[Opening MATERIAL PROVIDED section]
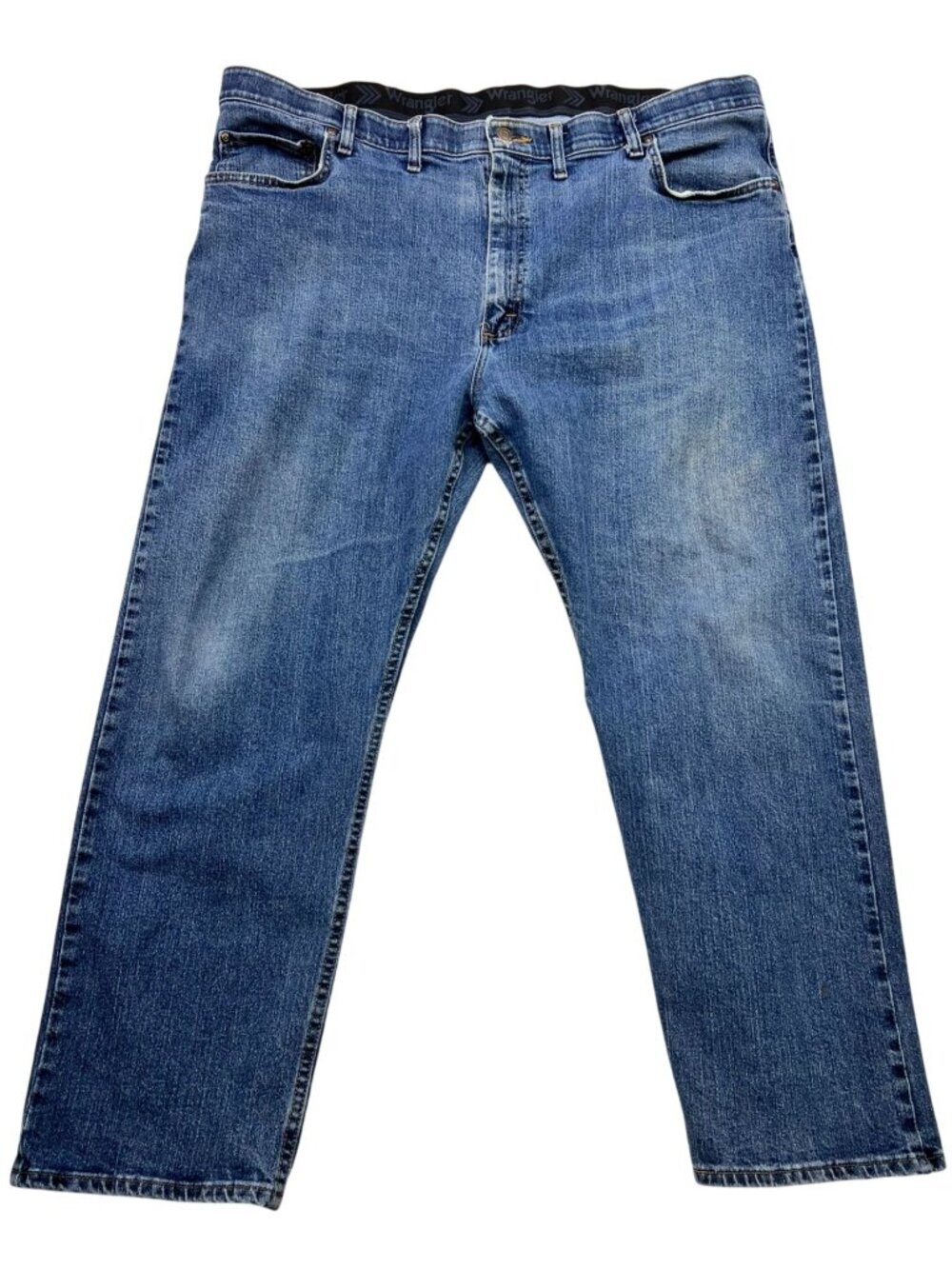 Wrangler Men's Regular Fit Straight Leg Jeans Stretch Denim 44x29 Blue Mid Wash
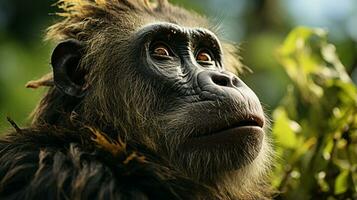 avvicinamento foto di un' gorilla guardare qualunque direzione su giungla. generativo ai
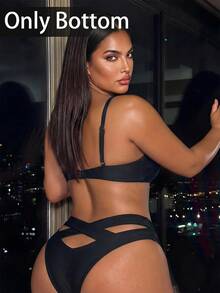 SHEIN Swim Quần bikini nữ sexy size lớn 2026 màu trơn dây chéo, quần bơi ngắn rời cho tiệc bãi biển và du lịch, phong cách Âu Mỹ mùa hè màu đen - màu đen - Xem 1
[Closing MATERIAL PROVIDED section]
ASSIGNMENT -
Set down the material exactly, every line of it, except for the pictures.

OUTPUT FOR THIS EXERCISE -
 Wrangler Men's Regular Fit Straight Leg Jeans Stretch Denim 44x29 Blue Mid Wash
 avvicinamento foto di un' gorilla guardare qualunque direzione su giungla. generativo ai
 SHEIN Swim Quần bikini nữ sexy size lớn 2026 màu trơn dây chéo, quần bơi ngắn rời cho tiệc bãi biển và du lịch, phong cách Âu Mỹ mùa hè màu đen - màu đen - Xem 1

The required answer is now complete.